Tax law has long allowed a taxpayer to deduct the cost of work-related education if it maintains or improves skills needed in his or her present job or business, or if it is required by an employer.
But education that qualifies a person for a new trade or business, or that is needed to meet the minimum requirements to keep a job the person already has, is not deductible.
For example, a high school history teacher who takes additional history courses to improve her knowledge of her subject would likely qualify. But if she had not yet graduated from college and were teaching on a temporary certificate while taking courses to finish college, there would be no deduction because the degree is a minimum requirement to keep her job. And if she went out and got a law degree there would also be no deduction because, however much the degree might help her with her teaching, it would also qualify her for a new career as a lawyer.
But in some situations the Internal Revenue Service rules aren't so easy to parse. And now, it seems, the IRS is taking a hard line and the U.S. Tax Court is backing it up.
Consider the master of business administration degree. An MBA would presumably improve the skills of someone already working in business. But plenty of senior executives don't have one, so it wouldn't seem to be a minimum requirement for the field. Therefore, business school students already working in the field should be able to deduct the cost of their degrees, right?
Actually, no, the U.S. Tax Court said earlier this month.
In the case of a woman who worked as a financial analyst for Merrill Lynch and later Raymond James Financial Inc. and then left to get her MBA at Northwestern University, the court found that not only was her degree a minimum educational requirement to be an investment banker, but it also qualified her for a new trade or business.
So her deduction failed on both counts.
Though the woman, Tracy L. McEuen, argued that she had been an "investment banker" in both her jobs, the court concluded that the financial analyst position she held at both firms was "a subordinate temporary position lasting a maximum of three years." The next job up the ladder, that of "associate," required an MBA, the court noted.
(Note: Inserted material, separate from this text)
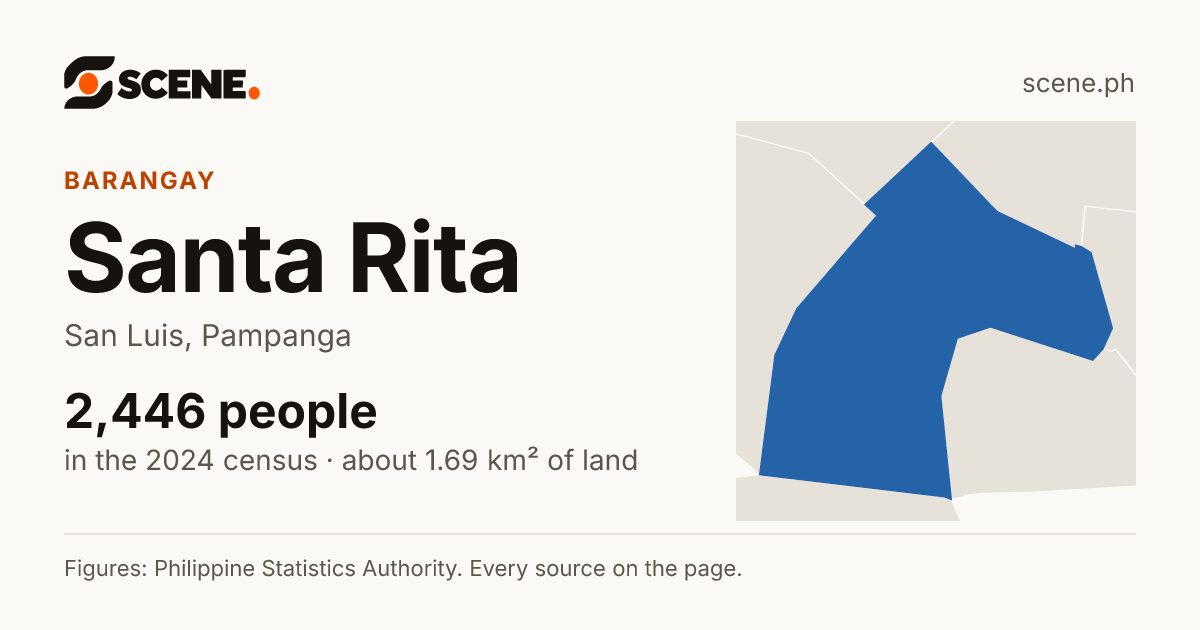 Santa Rita, San Luis, Pampanga, barangay: 2,446 people in the 2024 census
Further, the court said, "if the education qualifies the taxpayer to perform significantly different tasks and activities than could be performed before the education, the education qualifies the taxpayer for a new trade or business." It then pointed to the fact that after obtaining her MBA, McEuen did not take an investment banking job but instead entered the general management program of a home furnishing manufacturer -- for which an MBA was a prerequisite.